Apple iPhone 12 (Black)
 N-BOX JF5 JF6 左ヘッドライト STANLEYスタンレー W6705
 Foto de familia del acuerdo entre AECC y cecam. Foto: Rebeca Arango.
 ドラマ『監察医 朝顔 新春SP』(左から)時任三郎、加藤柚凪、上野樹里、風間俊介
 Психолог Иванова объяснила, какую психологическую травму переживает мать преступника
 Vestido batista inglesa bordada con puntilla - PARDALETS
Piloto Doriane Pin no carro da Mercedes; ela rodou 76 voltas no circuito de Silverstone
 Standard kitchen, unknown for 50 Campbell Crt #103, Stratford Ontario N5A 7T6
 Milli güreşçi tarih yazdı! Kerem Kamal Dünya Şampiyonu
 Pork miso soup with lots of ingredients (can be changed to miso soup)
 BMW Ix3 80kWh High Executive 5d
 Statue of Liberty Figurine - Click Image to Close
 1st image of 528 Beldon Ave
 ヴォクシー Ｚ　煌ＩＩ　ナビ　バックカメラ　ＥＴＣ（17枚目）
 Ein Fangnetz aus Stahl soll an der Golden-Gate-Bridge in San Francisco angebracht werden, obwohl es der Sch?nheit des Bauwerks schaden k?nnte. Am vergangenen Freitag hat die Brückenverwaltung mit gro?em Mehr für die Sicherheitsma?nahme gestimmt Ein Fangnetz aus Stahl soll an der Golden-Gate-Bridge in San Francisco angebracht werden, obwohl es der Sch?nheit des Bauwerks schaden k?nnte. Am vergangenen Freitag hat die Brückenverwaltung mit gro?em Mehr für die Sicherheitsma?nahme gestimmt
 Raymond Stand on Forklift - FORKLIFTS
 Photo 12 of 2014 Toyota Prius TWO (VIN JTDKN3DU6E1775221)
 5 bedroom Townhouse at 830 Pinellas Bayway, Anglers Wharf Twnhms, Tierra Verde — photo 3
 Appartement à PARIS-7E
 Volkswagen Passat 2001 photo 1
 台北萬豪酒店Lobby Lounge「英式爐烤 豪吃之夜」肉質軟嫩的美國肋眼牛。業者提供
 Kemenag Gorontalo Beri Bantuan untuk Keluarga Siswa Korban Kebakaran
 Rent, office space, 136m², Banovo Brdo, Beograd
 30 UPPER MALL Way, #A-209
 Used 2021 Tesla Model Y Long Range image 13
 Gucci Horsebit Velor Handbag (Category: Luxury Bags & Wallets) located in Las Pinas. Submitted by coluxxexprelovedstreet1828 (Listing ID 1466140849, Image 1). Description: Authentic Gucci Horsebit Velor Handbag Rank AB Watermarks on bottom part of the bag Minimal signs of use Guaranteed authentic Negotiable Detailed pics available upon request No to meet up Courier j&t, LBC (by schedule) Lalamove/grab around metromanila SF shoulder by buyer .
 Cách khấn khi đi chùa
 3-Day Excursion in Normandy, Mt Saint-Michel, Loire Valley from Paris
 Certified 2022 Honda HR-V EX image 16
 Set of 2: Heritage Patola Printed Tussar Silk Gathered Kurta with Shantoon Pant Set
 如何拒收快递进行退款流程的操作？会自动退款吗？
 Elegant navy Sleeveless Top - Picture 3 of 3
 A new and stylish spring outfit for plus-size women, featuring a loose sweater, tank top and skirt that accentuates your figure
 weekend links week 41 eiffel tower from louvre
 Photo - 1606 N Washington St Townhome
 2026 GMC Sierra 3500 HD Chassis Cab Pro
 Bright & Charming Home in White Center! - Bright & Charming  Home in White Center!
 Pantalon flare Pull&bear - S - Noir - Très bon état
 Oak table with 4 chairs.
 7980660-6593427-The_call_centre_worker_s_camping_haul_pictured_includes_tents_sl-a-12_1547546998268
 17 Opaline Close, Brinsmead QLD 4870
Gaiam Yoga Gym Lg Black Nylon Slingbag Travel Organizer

● ● ● ● ●

▶ [ABOUT THIS TASK]: Search the data and copy each line containing "from".

▶ [COMPLETED EXERCISE]:
 3-Day Excursion in Normandy, Mt Saint-Michel, Loire Valley from Paris
 weekend links week 41 eiffel tower from louvre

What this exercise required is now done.